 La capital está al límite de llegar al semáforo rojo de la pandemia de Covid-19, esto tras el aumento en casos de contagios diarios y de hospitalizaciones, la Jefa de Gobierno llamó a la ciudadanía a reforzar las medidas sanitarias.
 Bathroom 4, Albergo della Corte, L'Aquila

--

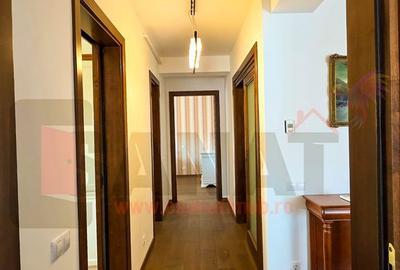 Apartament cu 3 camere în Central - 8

TASK INSTRUCTIONS ::
Begin with the line that has "La capital está" in the listing above and end after the line that has "Bathroom 4, Albergo della Corte, L'Aquila"; output those lines exactly.

SOLUTION ::
 La capital está al límite de llegar al semáforo rojo de la pandemia de Covid-19, esto tras el aumento en casos de contagios diarios y de hospitalizaciones, la Jefa de Gobierno llamó a la ciudadanía a reforzar las medidas sanitarias.
 Bathroom 4, Albergo della Corte, L'Aquila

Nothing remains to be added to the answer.